_Work request_
Every line from the one with "1424 East Calhoun" through the end of the entries below must be retyped exactly, and only those lines. The pictures are not part of the copy.

*** Input data Section Begins ***

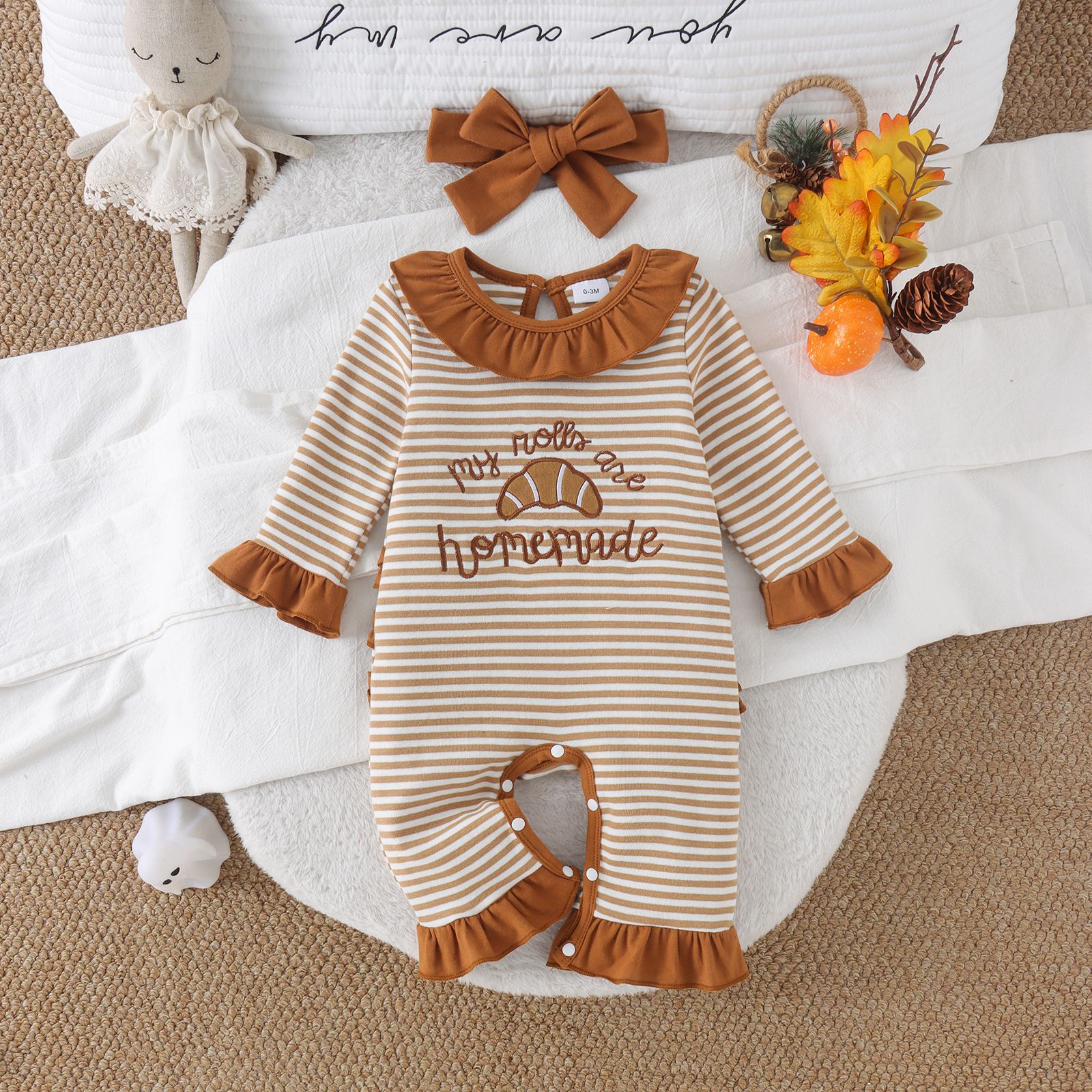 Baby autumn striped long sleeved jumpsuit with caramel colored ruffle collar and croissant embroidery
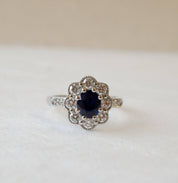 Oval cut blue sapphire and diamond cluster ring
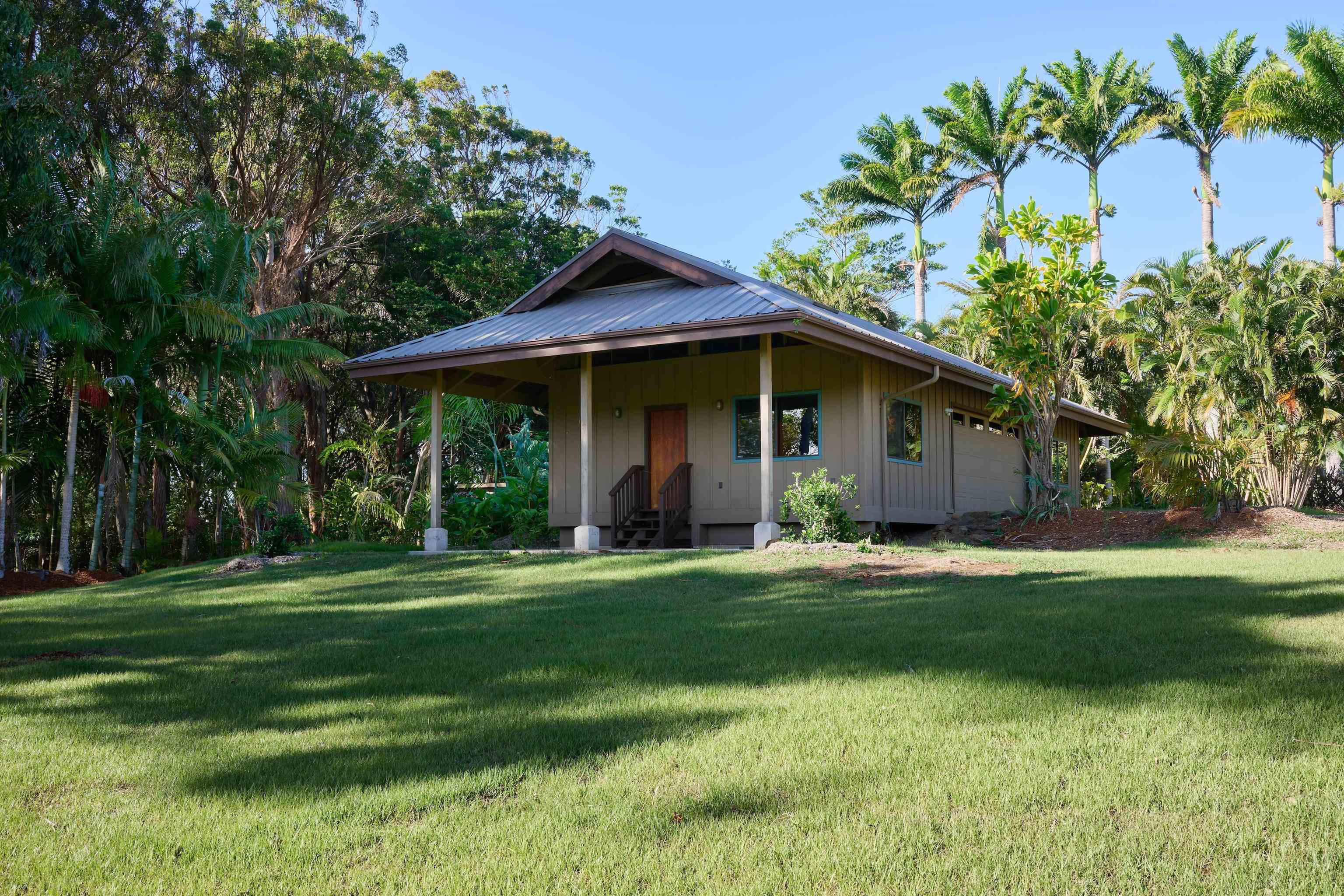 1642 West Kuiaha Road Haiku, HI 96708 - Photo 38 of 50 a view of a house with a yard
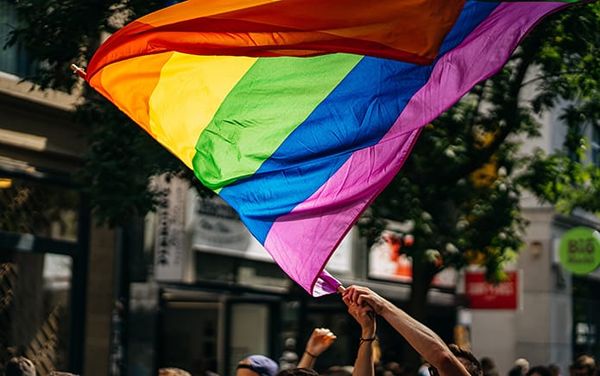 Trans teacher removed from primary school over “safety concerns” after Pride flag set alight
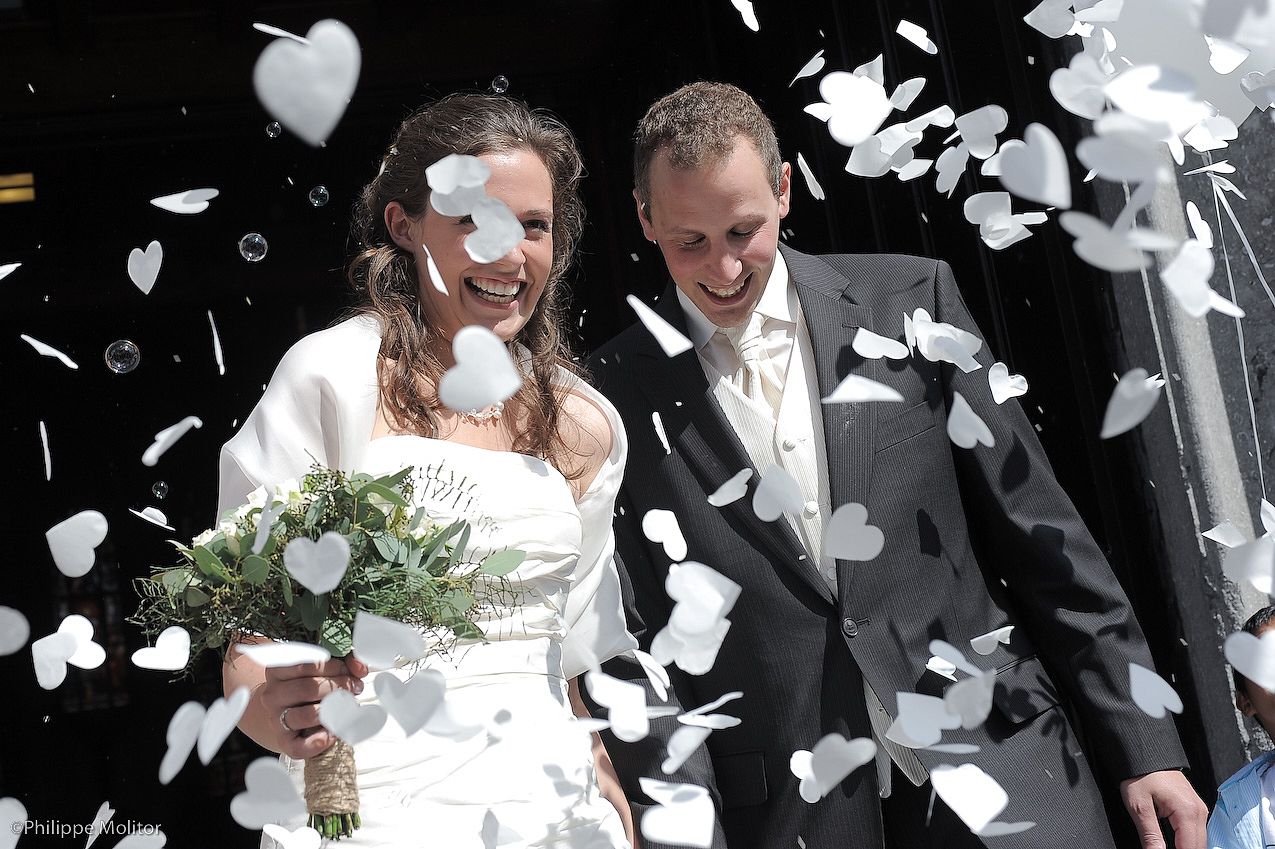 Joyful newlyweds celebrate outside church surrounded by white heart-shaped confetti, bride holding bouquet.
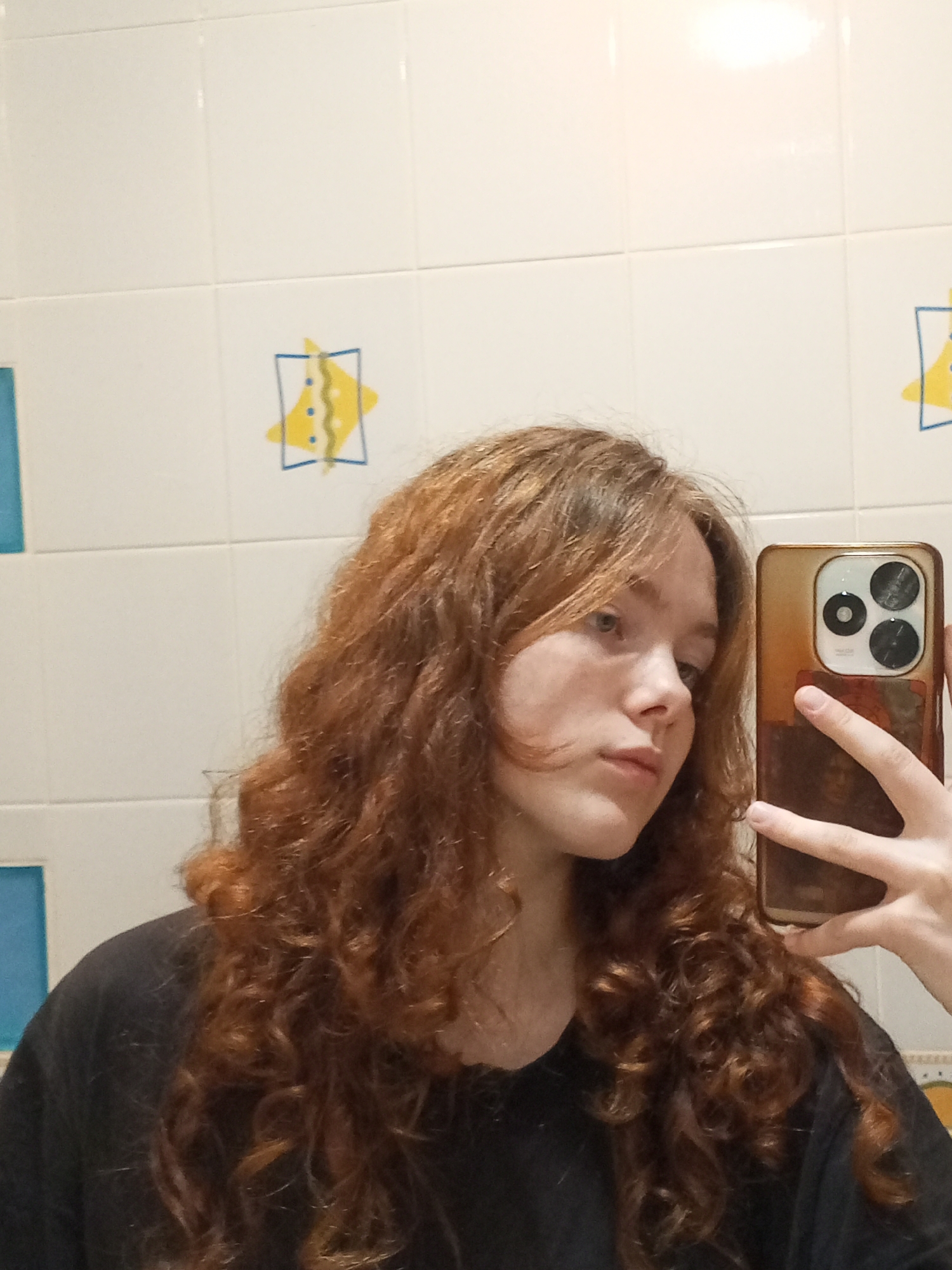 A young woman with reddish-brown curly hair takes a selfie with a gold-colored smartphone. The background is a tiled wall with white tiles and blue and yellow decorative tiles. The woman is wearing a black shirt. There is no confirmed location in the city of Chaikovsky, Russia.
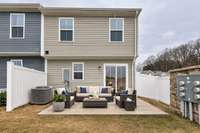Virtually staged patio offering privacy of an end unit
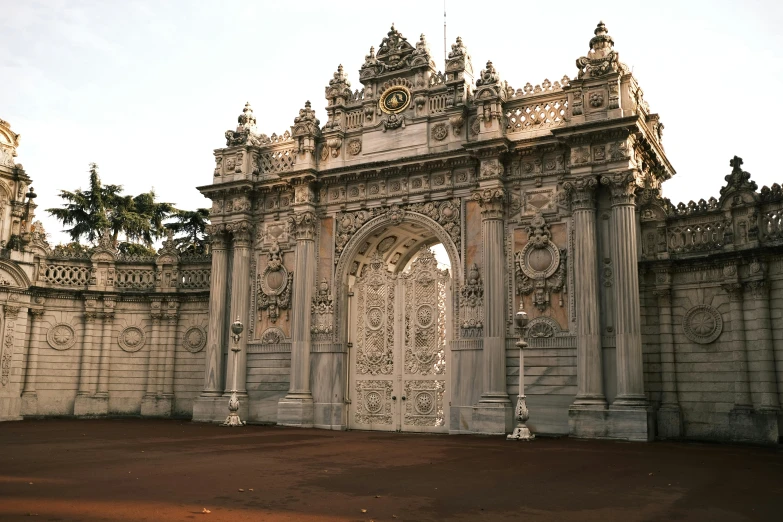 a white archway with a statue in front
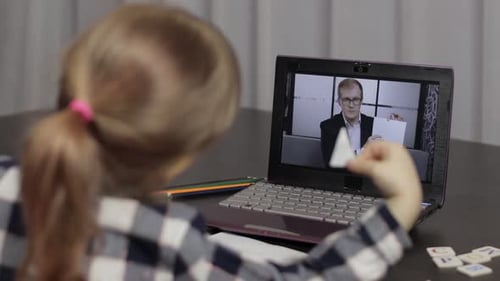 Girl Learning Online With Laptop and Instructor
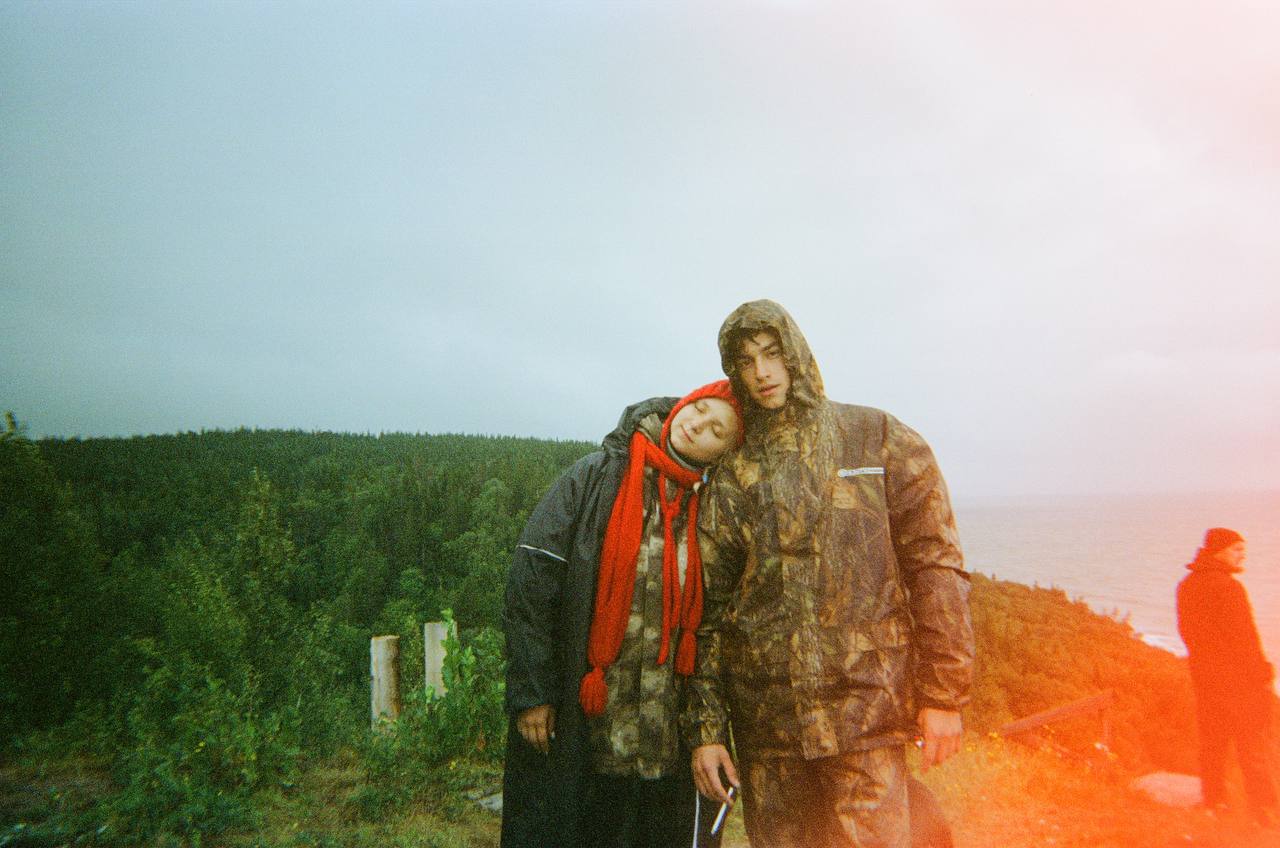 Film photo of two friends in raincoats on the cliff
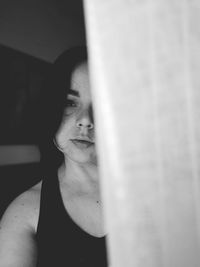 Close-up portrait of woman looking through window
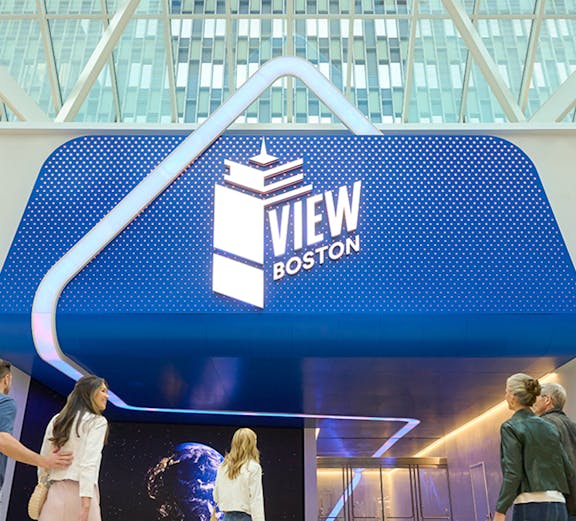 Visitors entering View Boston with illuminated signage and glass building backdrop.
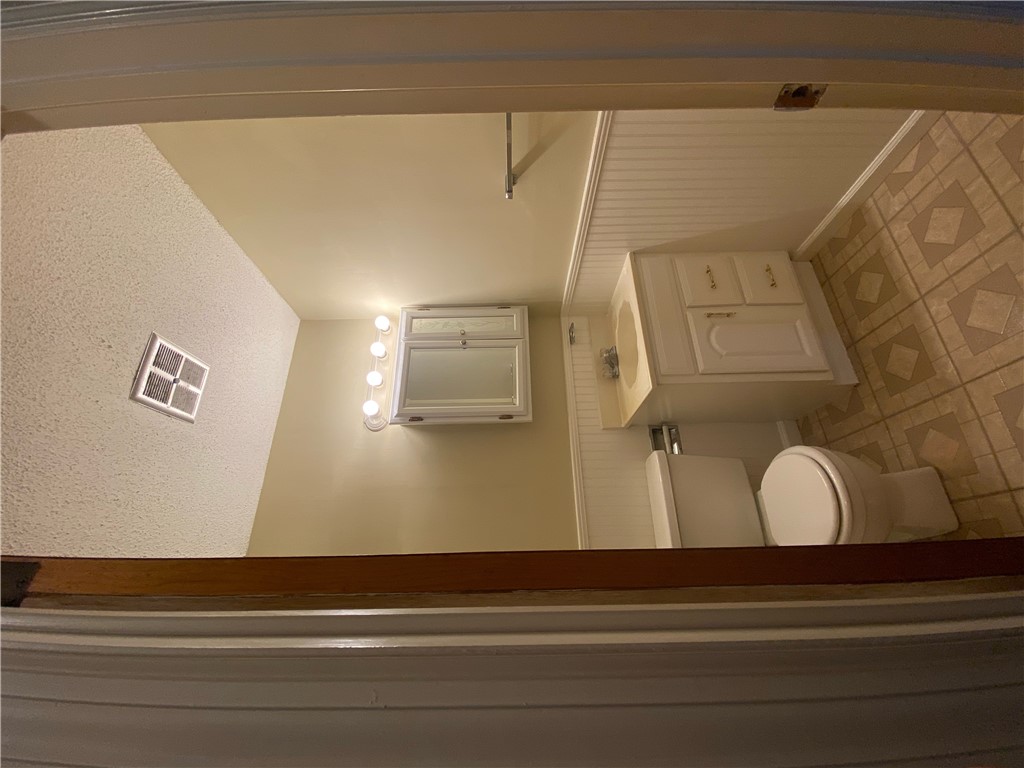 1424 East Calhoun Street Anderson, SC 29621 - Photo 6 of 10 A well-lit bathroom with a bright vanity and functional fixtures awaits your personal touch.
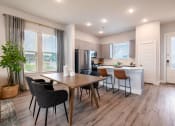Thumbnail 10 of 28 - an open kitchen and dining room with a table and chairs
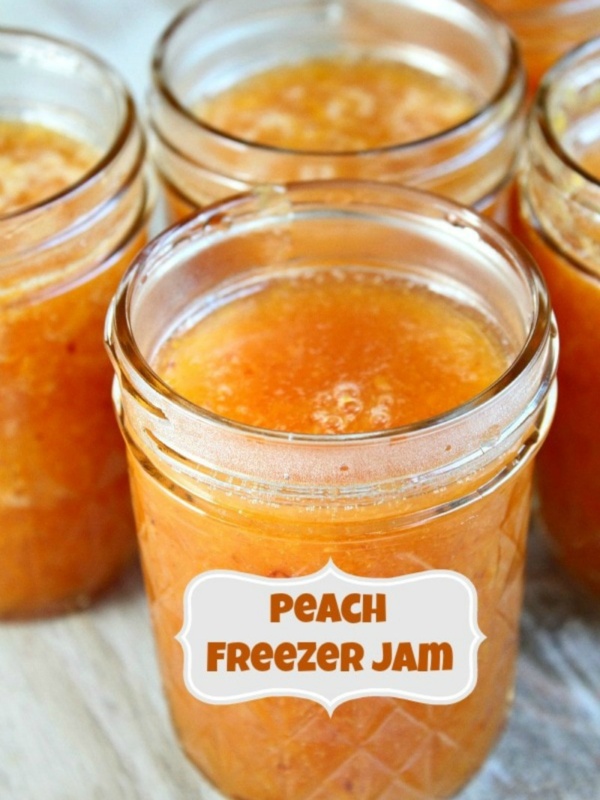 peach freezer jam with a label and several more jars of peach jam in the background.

*** Input data Section Ends ***

_Exercise answer_
 1424 East Calhoun Street Anderson, SC 29621 - Photo 6 of 10 A well-lit bathroom with a bright vanity and functional fixtures awaits your personal touch.
Thumbnail 10 of 28 - an open kitchen and dining room with a table and chairs
 peach freezer jam with a label and several more jars of peach jam in the background.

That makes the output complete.